Updated: April 15, 2018
A CDL, or commercial driver’s license, is required for anyone driving a vehicle over a specific weight. In most cases, having this license is job related, so having your license suspended for a DUI will have severe consequences. While every state has its own laws, the bulk of the laws surrounding a DUI for someone with a CDL are similar throughout the country.
Many drivers seeking this type of license, ask if they can still get a Class A, B, or C license with a DUI. The shortest answer is they will lose their CDL, or their chances of getting one with any recent conviction of this offense on their record.

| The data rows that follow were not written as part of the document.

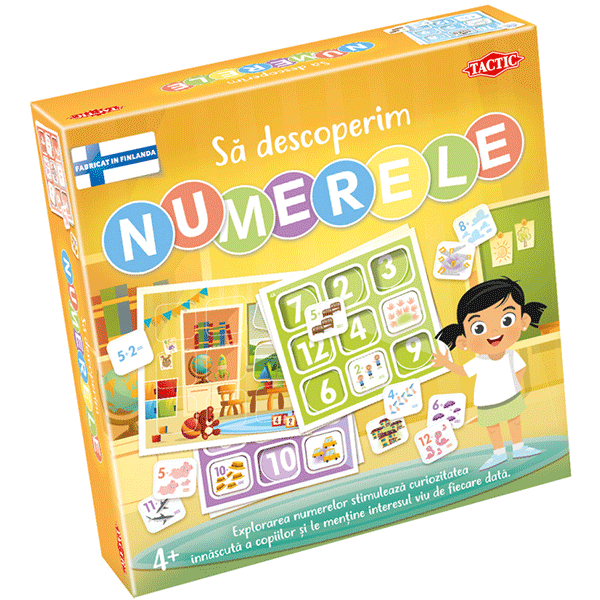 Joc educativ TACTIC Sa descoperim numerele 59137, 3 ani+
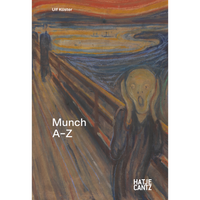 The book cover for Munch A-Z by Ulf Küster, featuring Edvard Munch's painting The Scream.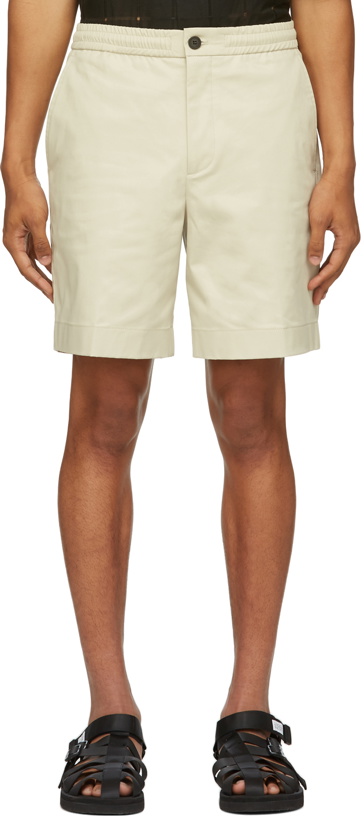 Photo: Solid Homme Beige Cotton Basic Shorts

The time to defend a DUI with a CDL license successfully, is limited to a very short period after an arrest happens. A person must know what case-specific options they have to avoid a CDL disqualification from taking effect under the current law.
What Vehicles Require a CDL?
According to the Department of Motor Vehicles, there are three classes of motor vehicles that will require a CDL:
Class A – Any vehicle with a semi-trailer or trailer with two or more axles. This group also includes any combination of vehicle with a gross vehicle weight rating greater than 26,000 pounds, provided that the gross vehicle weight rating of the towed vehicle is in excess of 10,000 pounds. *
Class B – Any Heavy Straight Vehicle with a gross vehicle weight rating greater than 26,000 pounds is classified in Group B, as well as any vehicle towing another vehicle not in excess of 10,000 pounds.*
Class C – Any vehicle that is designed to transport 16 or more passengers (including the driver) or is used in the transportation of materials classified as hazardous in the Hazardous Materials Transportation Act.*
*this class information is quoted directly from the Federal Department of Motor Vehicles website
Do I Have to be Driving a Commercial Vehicle during DUI Arrest?
No, even if you are driving your personal vehicle when stopped for a DUI, any penalties and fines handed out will affect your CDL status. If you are driving the commercial vehicle, you should know that the blood alcohol content (BAC) is lowered to .04 percent in most states (compared to .08 percent for a regular vehicle).
Is There a Difference Between Revocation and Suspension?
Yes. If your state mandates a license suspension, your license will be returned to you after the suspension is served. On the other hand, if your state mandates a license revocation, you lose the license outright and will have to reapply for the CDL once the revocation period is over.
What If I Refuse Chemical Testing?
It is your right to refuse chemical testing after a DUI stop, but most states are implied consent states, meaning there is some type of penalty and/or fine in place regardless of the outcome of the case. In most states, this will be at least a one-year license suspension or revocation. This, of course, applies to both your personal vehicle and your CDL.